As he responded to an audit finding financial controls at the B.C. Legislature were lacking, the chief of staff to Speaker Darryl Plecas also explained why – from one year to the next, travel costs in the Speaker's office had tripled.

"Every single dollar is explainable,” Alan Mullen told CTV News in an exclusive interview.

In the first full year under Darryl Plecas – 2018-19 - travel spending soared from $19,188 to $60,947, according to numbers compiled by the Auditor General’s office. 2017 was an election year, which cut the spring session short. There was a short session after the election, with Steve Thompson as Speaker. Plecas became Speaker later that year.

Here’s how travel costs for 2018-19 in the Speaker’s office break down:

  • $26,685 for the Speaker’s out-of-province travel
  • $31,759 paid to Alan Mullen for travel
  • $2,502 paid for travel related to the Speaker’s forum

Mullen said his travel costs came while he was living on the mainland.

“The speaker and I sat down and ultimately decided, 'Look, this is not the most cost effective way of doing it,' and the decision was made, good or bad or right or wrong, for me to move to Victoria to eliminate that cost.”

Financial reports presented to a committee responsible for oversight of the legislature show repeatedly in notes that the Speaker’s office could go over budget due to an increase in employee travel.

Jackie Tegart, a Liberal MLA who sits on the Legislative Assembly Management Committee, which has oversight for the affairs of the precinct, said she would like to see a proactive approach to disclosing such expenses from the Speaker’s office.

“The Speaker is the person who would sign off on that and obviously he accepts that as an explanation," Tegart said. "I think as taxpayers we would expect that Mr.

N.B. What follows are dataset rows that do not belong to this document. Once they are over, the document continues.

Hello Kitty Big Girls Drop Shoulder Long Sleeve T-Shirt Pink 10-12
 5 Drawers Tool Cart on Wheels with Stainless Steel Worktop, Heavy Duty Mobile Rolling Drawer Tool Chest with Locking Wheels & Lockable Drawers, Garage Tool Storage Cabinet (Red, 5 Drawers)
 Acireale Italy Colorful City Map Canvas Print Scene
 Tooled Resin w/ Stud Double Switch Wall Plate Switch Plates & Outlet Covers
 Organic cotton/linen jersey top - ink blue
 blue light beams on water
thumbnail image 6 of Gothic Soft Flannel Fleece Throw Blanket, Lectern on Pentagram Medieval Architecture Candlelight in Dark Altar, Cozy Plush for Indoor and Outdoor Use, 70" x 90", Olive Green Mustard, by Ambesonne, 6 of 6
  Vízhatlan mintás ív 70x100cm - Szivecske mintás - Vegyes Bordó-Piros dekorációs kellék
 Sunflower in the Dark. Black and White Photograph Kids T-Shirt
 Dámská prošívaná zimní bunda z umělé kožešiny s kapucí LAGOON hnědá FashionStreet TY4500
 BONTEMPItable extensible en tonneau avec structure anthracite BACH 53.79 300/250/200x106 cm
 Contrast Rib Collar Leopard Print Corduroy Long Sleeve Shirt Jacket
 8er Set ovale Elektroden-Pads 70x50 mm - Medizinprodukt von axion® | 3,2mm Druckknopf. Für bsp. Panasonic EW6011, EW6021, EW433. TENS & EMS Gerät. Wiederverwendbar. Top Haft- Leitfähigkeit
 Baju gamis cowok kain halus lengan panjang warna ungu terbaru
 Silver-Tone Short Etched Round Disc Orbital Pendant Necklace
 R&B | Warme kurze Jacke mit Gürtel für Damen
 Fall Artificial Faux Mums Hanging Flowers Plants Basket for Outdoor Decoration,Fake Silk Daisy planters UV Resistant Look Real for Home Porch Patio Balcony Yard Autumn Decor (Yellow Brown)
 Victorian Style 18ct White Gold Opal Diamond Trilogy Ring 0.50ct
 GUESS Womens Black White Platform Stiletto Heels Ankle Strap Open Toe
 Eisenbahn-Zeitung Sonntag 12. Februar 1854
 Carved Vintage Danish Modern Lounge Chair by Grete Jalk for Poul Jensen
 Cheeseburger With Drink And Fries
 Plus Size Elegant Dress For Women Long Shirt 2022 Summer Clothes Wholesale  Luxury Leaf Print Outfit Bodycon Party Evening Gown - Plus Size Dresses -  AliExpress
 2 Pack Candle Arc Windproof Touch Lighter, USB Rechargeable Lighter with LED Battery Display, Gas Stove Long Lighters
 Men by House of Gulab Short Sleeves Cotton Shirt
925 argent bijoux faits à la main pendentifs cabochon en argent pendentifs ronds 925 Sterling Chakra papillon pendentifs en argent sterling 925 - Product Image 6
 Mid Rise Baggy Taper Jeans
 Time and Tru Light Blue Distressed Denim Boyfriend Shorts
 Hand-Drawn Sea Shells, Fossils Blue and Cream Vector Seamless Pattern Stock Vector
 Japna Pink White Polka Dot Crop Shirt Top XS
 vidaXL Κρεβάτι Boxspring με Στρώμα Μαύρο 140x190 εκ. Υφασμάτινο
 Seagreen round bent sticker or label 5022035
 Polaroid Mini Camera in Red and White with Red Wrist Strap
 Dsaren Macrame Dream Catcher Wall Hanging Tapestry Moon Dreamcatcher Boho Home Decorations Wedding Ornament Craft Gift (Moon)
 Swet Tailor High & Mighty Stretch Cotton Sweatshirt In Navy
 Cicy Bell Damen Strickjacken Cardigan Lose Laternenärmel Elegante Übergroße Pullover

Mullen be very accountable.”

All this comes after Plecas raised concerns about spending at the legislature by top officials. Clerk Craig James and Sargeant-at-Arms Gary Lenz were placed on leave last November amid reports of an RCMP investigation. Both men deny any wrongdoing.

Tegart added she’d like to see details about who was met with and what was discussed during trips. This summer Mullen took a trip to several jurisdictions in connection with a security review. He promised a full detailing of that was coming and the Speaker also committed to detailing travel in the top three offices, dating back up to 10 years to allow for a more fulsome comparison.

Mullen said he believed the focus on the Speaker’s travel took away from the work completed by the Auditor General’s office.

“There were no policies in place which essentially created a candy store of corruption," he said.

Mullen added he’d like the focus to be on the issues that need to be addressed to ensure proper financial controls are in place. Tegart insisted that work had been underway for years, yet did credit Plecas for raising some of the issues.

An RCMP investigation, a Police Act probe and a workplace review are still to come -- potentially uncovering even more issues to fix.